La cyber war e’ una nicchia interessante in questo supermerket di soldi invisibili. La fai da casa, non devi smuovere gli eserciti, e far morire i soldati, che e’ brutto da vedere, sembra una cosa piu’ igienicamente corretta, cosi’ la puo’ fare anche Obama. Puoi gonfiarla a dismisura: la sicurezza informatica fa pagare operazioni di comune buon senso, come complesse operazioni di intelligence. Proviene dalla giungla di Internet, un luogo oscuro, che anzi andrebbe controllato meglio, sarebbe proprio necessario investire dei soldi per dotarsi di strumenti di controllo su Internet, se non vogliamo sprofondare nel caos. Non male in tempi di crisi, non e’ come mobilitare gli incrociatori, l’aviazione e i marines, ma un po’ di soldi girano lo stesso. Tutte le grandi potenze dicono di stare preparandosi alla cyber war, un po’ come tutte si preparavano alla guerra atomica.
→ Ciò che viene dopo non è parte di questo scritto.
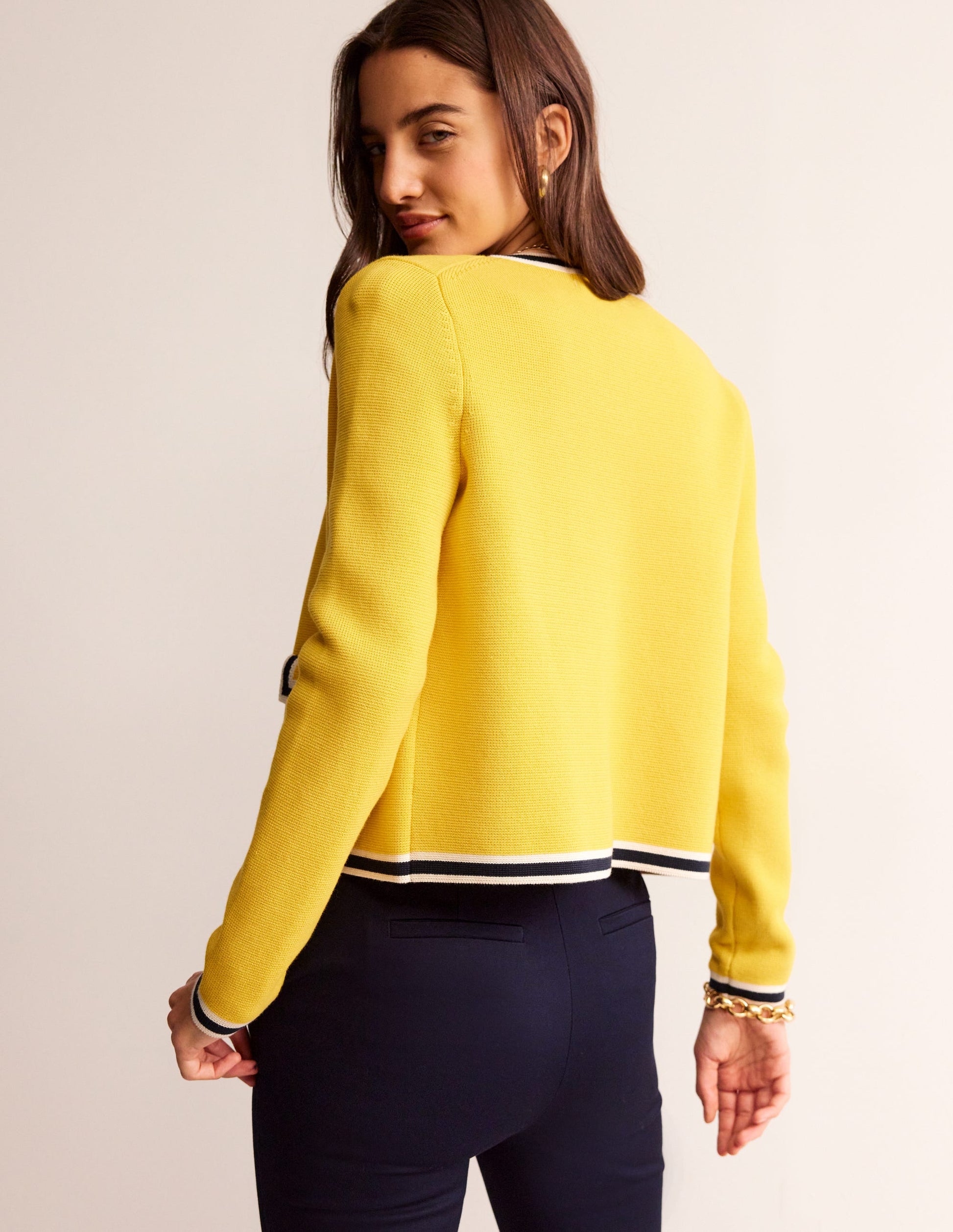 Holly Knitted Jacket-Mimosa Yellow, Navy Tipping-4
Io credo che le guerre continueranno ad opporre forze materiali: sara’ una bomba, un gas o una pallottola a porre fine alla tua esistenza, la cyber war, boh. Quando l’apocalisse cybernetica sara’ scatenata sappi che non avrai twitter, ne’ facebook, ne’ noblogs, non potrai leggere la mail, non potrai usare il cellulare, pagare con la carta di credito, ne’ ritirare i soldi dal bancomat. La storia tornera’ indietro di quasi vent’anni: riusceremo a sopravvire a quest’inferno ? Da un certo punto di vista meglio: potremo concentrarci nel cercare di evitare le pallottole, le bombe e i gas.